2. Vorrichtung gemäß Anspruch 1,
bei der der Ausgangssignalmodifizierer (120) konfiguriert ist, die Ausgangssignalmodifikationsgewinnfaktoren zu berechnen durch Verwenden eines Maximums eines invertierten Abwärtsmischmodifikationsgewinnfaktors oder eines interpolierten oder geglätteten Abwärtsmischmodifikationsgewinnfaktors und eines konstanten Werts oder durch Verwenden einer Summe des invertierten Abwärtsmischmodifikationsgewinnfaktors oder interpolierten oder geglätteten Abwärtsmischmodifikationsgewinnfaktors beziehungsweise des konstanten Werts.

3. Vorrichtung gemäß einem der vorhergehenden Ansprüche, bei der der Ausgangssignalmodifizierer (120) durch ein Steuersignal (117) steuerbar ist, wobei die Eingangsschnittstelle (110) konfiguriert ist zum Empfangen von Steuerinformationen für die Zeitrahmen oder die Frequenzbänder des gesendeten Abwärtsmischsignals (112) und
wobei der Ausgangssignalmodifizierer (120) konfiguriert ist, das Steuersignal von den Steuerinformationen abzuleiten.

4. Vorrichtung gemäß Anspruch 3, bei der die Steuerinformationen ein Flag sind und bei der das Steuersignal derart ist, dass der Ausgangssignalmodifizierer (120) deaktiviert ist, falls das Flag in einem gesetzten Zustand ist und wobei der Ausgangssignalmodifizierer (120) aktiviert ist, wenn das Flag in einem nicht gesetzten Zustand ist oder umgekehrt.

5. Vorrichtung gemäß einem der vorhergehenden Ansprüche, bei der der Abwärtsmischmodifizierer (116) konfiguriert ist, eine Lautstärkeoptimierung, eine Entzerrungsoperation, eine Mehrband-Entzerrungsoperation, eine Dynamikbereichkomprimierungsoperation oder eine Begrenzungsoperation, die an das Codiererabwärtsmischsignal angelegt werden, um das gesendete Abwärtsmischsignal (112) abzuleiten, zu reduzieren oder aufzuheben und
wobei der Ausgangssignalmodifizierer (120) konfiguriert ist, die Lautstärkeoptimierung oder die Entzerrungsoperation oder die Mehrband-Entzerrungsoperation oder die Dynamikbereichkomprimierung oder die Begrenzungsoperation an die Ausgangssignale anzulegen.

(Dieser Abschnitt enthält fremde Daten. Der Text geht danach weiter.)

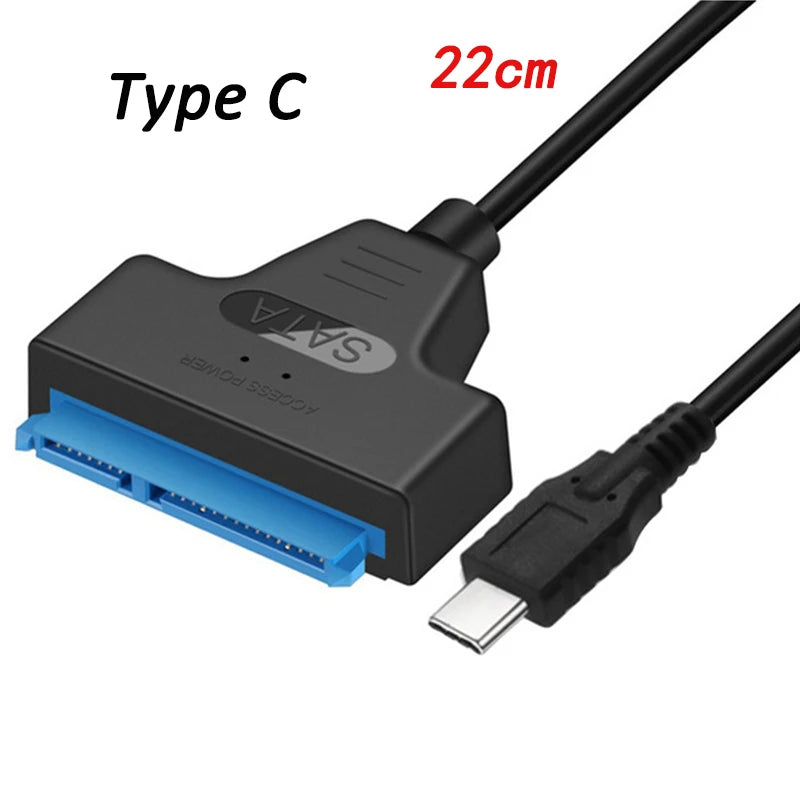 SATA to USB 3.0/2.0/Type-C Cable Up to 6 Gbps for 2.5 Inch External HDD SSD Hard Drive SATA 3 22 Pin Adapter USB to Sata III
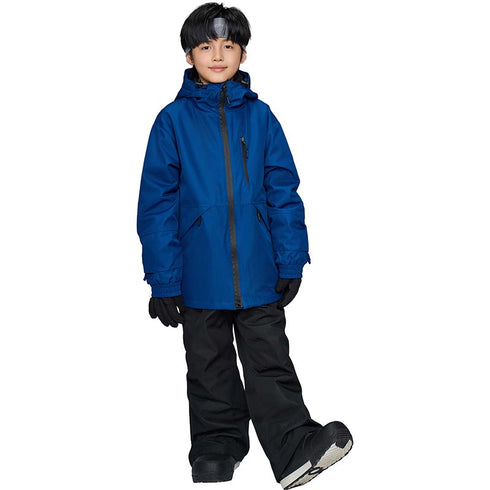 【OUTLET】ASHGREEM スノーボードウェア 上下セット ジュニア ソリッドZIPジャケット サスペンダーパンツ | AJR-52SET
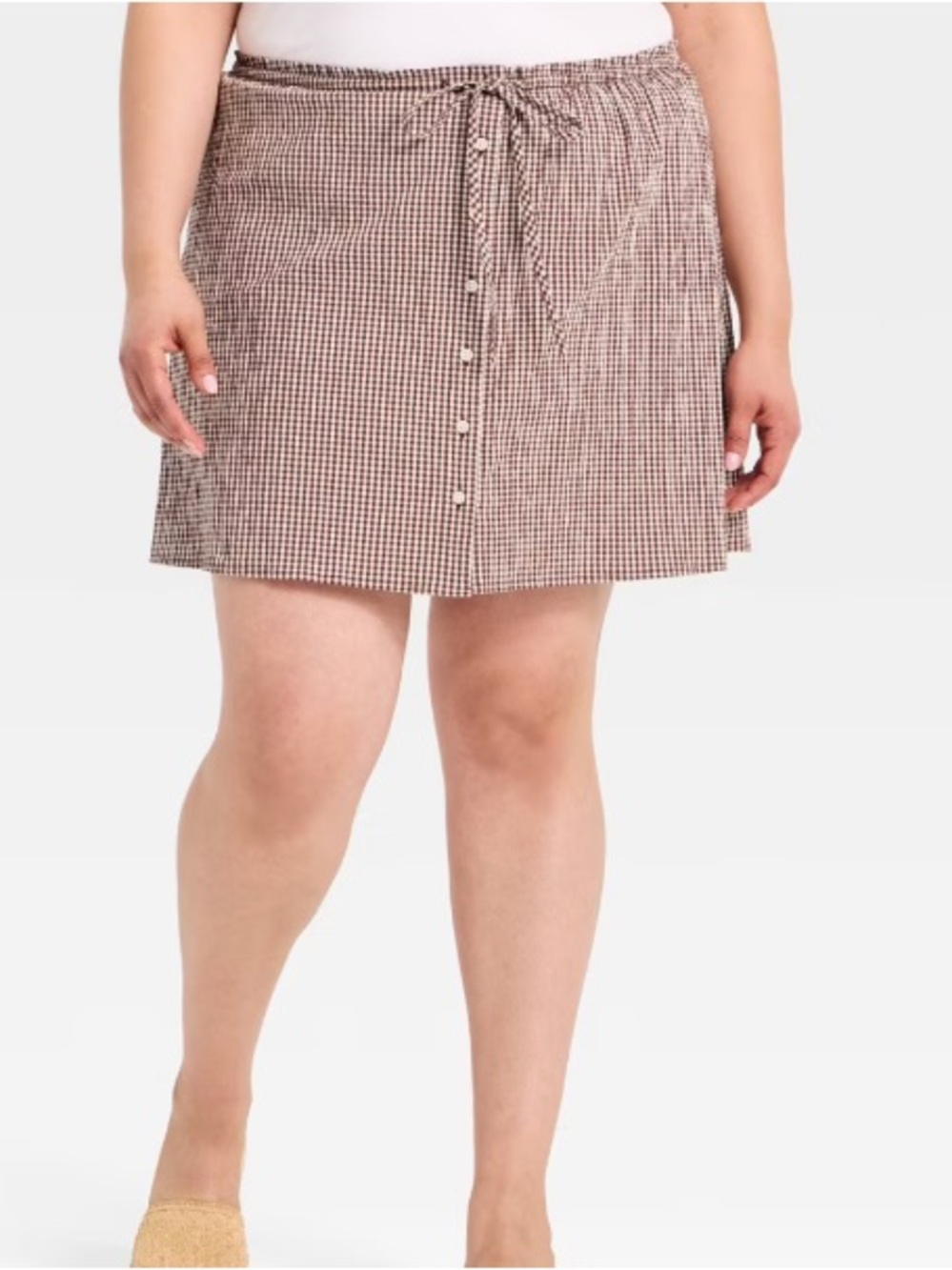 a new day Brown Gingham Button-Front Mini Skirt size L NWT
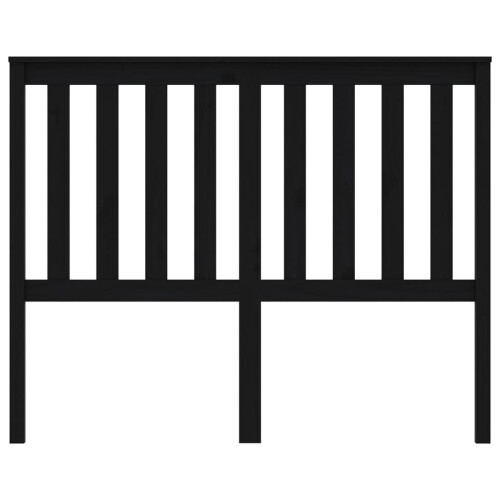 Berkfield Bed Headboard Black 146x6x101 cm Solid Wood Pine 2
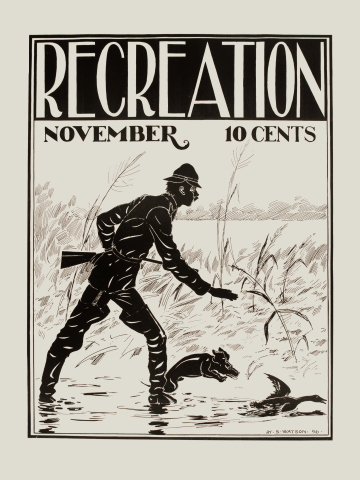 Sportsman, dachshund dog, Recreation Magazine, 1896, Waterfowl Huntsmen, Vintage, fine art print, duck hunting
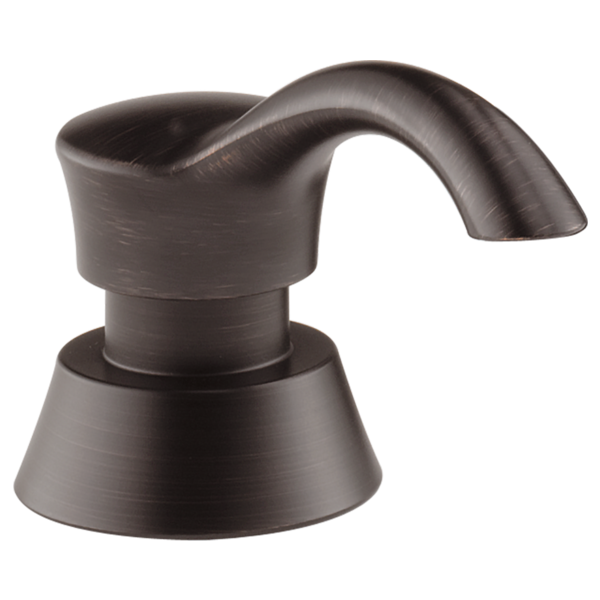 Venetian bronze soap and lotion dispenser pump with curved spout for home improvement and bathroom use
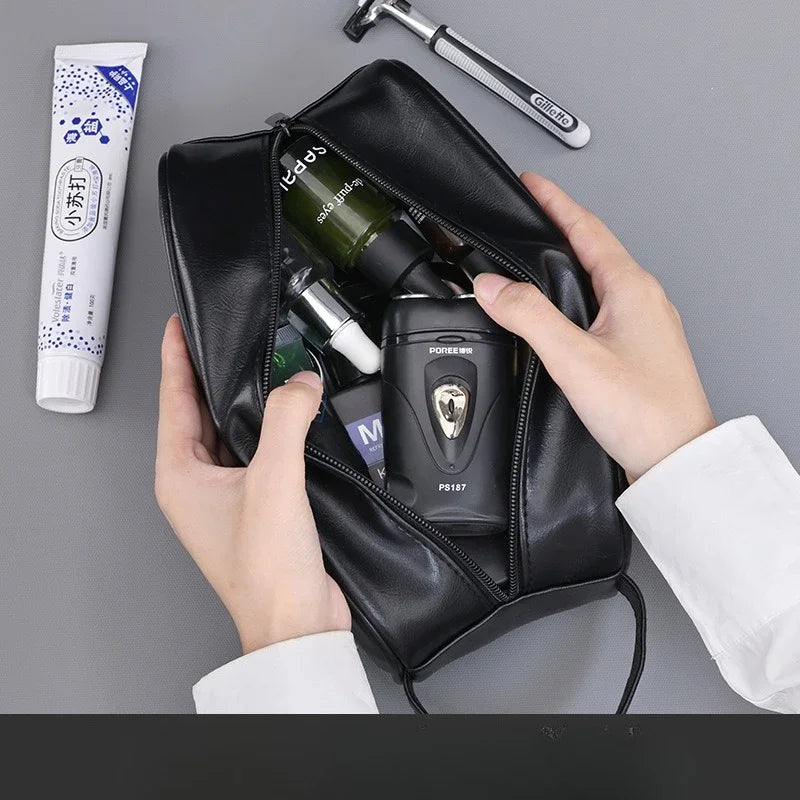 2026 Large Capacity Outdoor Men's Grooming Bag PU Portable Business Travel, Home Hand-held Makeup Storage Bag, High-end Feel Zpaxo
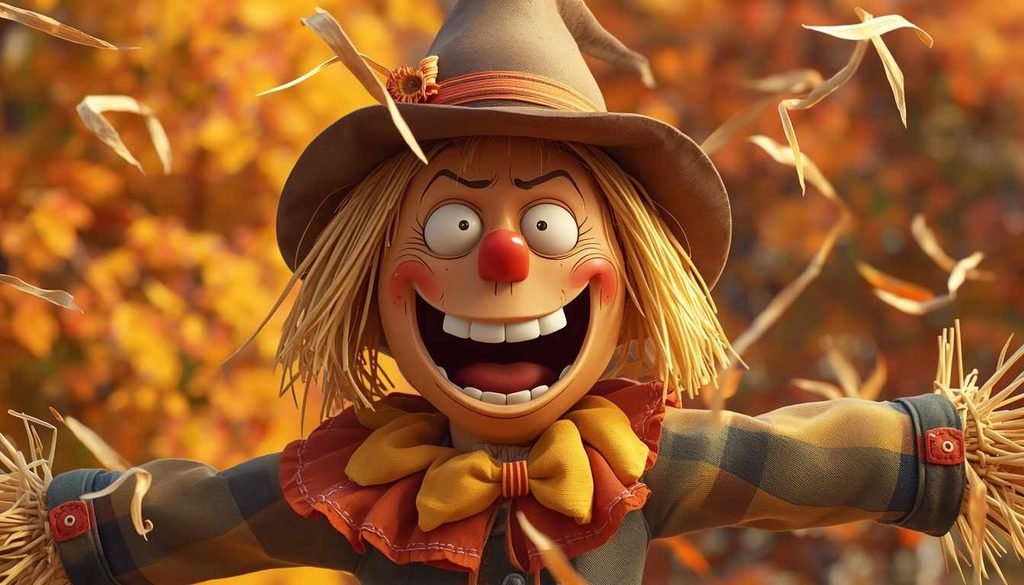 Cartoon scarecrow laughing with straw flying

6. Vorrichtung gemäß einem der vorhergehenden Ansprüche, bei der die Objektaufbereitungsvorrichtung (118) konfiguriert ist, von dem modifizierten Abwärtsmischsignal, den parametrischen Daten (114) und Positionsinformationen (121), die eine Positionierung der Audioobjekte in einem Reproduktionslayout anzeigen, Kanalsignale zu berechnen.

7. Vorrichtung gemäß einem der vorhergehenden Ansprüche,
bei der die Objektaufbereitungsvorrichtung (118) konfiguriert ist, die Audioobjekte unter Verwendung der parametrischen Daten (114) zu rekonstruieren und die Audioobjekte für ein Reproduktionslayout unter Verwendung von Positionsinformationen (121), die eine Positionierung der Audioobjekte in einem Reproduktionslayout anzeigen, an Kanalsignale zu verteilen.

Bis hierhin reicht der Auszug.